/---

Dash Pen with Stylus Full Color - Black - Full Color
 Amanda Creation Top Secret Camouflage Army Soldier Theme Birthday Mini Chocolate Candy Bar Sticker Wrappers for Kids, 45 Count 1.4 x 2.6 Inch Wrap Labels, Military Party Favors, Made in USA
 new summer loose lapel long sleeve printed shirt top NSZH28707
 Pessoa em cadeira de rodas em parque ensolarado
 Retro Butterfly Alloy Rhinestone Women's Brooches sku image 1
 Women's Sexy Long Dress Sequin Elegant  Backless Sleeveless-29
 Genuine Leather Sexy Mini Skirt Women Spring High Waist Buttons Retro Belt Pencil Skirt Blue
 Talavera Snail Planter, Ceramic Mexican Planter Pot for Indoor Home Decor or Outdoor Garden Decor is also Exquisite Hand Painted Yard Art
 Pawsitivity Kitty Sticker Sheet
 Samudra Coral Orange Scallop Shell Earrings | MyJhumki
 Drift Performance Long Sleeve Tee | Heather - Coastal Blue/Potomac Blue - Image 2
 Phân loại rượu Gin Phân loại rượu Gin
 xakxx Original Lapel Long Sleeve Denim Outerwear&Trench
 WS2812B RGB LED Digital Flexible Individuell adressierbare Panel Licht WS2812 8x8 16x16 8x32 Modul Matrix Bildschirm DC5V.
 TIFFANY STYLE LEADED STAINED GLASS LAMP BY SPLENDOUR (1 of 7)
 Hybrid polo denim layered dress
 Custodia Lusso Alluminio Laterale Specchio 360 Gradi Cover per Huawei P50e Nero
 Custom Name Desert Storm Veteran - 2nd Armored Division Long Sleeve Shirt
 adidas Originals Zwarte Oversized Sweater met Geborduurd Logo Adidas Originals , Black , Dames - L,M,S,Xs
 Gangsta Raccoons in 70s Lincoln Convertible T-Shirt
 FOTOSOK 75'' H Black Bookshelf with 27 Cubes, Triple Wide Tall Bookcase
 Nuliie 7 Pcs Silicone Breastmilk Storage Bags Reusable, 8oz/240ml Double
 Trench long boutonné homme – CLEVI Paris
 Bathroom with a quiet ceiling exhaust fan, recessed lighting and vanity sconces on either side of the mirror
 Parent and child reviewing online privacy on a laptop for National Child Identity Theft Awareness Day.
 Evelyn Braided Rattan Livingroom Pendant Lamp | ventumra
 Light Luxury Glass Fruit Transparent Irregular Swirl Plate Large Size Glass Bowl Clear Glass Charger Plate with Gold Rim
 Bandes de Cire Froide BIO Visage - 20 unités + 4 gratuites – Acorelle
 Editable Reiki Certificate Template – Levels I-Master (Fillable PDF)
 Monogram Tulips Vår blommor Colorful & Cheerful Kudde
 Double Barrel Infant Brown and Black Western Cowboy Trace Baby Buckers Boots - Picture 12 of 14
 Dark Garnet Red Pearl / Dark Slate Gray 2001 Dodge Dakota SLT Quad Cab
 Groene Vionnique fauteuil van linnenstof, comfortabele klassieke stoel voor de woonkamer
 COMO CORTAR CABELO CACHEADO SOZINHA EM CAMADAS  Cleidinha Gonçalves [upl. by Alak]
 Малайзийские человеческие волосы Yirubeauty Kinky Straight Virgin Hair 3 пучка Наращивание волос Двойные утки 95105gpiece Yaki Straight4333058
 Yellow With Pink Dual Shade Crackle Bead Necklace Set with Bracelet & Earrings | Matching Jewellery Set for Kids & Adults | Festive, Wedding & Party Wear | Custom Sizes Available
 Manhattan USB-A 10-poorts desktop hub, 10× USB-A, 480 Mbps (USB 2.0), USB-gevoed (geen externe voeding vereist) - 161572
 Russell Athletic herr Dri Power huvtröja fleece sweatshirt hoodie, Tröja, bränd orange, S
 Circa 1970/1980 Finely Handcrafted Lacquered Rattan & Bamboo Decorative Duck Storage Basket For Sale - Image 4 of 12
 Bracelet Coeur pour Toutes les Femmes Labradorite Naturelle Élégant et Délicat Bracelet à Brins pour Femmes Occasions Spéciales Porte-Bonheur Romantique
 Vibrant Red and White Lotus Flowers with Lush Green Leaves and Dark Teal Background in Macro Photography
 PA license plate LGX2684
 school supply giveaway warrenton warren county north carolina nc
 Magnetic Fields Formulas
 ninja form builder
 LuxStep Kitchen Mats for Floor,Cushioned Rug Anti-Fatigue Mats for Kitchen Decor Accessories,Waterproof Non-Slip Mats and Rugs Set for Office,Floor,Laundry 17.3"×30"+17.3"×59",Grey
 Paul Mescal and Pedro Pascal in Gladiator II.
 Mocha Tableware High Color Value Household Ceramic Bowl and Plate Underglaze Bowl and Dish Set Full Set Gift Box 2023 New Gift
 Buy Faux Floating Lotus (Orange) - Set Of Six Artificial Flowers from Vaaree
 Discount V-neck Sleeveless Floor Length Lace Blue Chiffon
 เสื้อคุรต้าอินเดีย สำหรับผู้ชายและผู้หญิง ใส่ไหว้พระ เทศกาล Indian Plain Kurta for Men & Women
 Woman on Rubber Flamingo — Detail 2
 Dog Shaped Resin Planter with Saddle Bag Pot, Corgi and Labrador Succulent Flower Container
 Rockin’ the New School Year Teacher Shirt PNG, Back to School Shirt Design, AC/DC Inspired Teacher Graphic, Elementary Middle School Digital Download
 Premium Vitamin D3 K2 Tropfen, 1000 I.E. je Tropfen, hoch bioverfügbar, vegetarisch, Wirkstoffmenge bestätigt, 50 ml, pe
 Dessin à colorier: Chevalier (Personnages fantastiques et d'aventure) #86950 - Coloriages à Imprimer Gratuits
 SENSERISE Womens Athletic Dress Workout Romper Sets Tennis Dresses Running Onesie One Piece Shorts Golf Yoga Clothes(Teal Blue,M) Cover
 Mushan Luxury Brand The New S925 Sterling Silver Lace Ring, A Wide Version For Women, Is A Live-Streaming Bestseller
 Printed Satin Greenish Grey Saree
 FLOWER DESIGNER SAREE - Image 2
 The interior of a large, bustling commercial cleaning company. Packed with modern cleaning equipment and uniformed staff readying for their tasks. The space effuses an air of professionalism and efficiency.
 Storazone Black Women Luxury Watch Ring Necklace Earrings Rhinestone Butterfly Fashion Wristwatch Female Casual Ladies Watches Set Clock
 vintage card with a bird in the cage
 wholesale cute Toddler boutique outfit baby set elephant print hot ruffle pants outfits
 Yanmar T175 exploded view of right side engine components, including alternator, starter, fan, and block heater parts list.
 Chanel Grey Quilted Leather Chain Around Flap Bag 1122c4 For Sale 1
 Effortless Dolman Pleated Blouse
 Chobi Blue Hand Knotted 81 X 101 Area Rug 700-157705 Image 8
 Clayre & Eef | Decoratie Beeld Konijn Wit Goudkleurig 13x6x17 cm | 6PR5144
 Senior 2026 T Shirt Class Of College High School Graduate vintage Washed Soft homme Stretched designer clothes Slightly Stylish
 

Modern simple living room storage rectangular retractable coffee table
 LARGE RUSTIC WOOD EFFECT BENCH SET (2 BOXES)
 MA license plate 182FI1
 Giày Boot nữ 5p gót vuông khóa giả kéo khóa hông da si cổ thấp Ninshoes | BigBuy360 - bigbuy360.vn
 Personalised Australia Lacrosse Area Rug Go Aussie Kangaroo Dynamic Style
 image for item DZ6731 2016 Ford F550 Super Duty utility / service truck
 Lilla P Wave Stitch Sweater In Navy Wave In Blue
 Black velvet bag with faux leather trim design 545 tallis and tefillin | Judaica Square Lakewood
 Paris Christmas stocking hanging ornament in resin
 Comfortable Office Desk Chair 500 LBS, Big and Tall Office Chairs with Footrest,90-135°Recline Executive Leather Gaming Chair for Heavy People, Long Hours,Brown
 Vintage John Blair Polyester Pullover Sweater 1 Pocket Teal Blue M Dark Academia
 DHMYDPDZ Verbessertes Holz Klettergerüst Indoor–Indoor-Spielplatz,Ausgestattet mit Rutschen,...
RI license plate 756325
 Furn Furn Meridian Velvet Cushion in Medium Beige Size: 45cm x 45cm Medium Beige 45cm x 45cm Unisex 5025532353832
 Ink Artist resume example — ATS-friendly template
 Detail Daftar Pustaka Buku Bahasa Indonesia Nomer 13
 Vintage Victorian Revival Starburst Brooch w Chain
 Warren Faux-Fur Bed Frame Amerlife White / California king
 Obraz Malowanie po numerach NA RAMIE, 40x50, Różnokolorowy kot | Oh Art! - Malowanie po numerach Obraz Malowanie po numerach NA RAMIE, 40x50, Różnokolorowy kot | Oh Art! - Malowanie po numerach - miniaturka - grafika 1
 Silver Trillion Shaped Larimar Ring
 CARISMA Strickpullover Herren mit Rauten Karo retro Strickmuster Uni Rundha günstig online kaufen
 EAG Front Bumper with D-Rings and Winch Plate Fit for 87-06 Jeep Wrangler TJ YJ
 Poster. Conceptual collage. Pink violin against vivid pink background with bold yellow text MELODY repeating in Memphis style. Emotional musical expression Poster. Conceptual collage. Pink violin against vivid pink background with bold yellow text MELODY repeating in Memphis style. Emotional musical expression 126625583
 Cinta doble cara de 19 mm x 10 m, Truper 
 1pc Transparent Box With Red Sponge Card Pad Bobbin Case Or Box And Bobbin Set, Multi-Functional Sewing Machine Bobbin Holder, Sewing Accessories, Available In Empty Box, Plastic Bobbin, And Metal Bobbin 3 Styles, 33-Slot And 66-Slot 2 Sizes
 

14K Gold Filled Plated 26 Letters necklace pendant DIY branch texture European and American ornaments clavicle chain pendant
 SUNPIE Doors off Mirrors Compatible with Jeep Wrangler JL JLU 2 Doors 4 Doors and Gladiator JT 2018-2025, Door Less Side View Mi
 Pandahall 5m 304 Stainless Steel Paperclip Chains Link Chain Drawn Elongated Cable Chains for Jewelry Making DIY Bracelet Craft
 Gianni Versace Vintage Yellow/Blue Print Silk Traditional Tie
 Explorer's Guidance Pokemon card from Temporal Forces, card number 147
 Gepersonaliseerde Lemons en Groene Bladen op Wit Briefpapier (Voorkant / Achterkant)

\---

Where a line of the records has the string "Grey", copy that line.

> [Solution for this problem]
 LuxStep Kitchen Mats for Floor,Cushioned Rug Anti-Fatigue Mats for Kitchen Decor Accessories,Waterproof Non-Slip Mats and Rugs Set for Office,Floor,Laundry 17.3"×30"+17.3"×59",Grey
 Printed Satin Greenish Grey Saree
 Chanel Grey Quilted Leather Chain Around Flap Bag 1122c4 For Sale 1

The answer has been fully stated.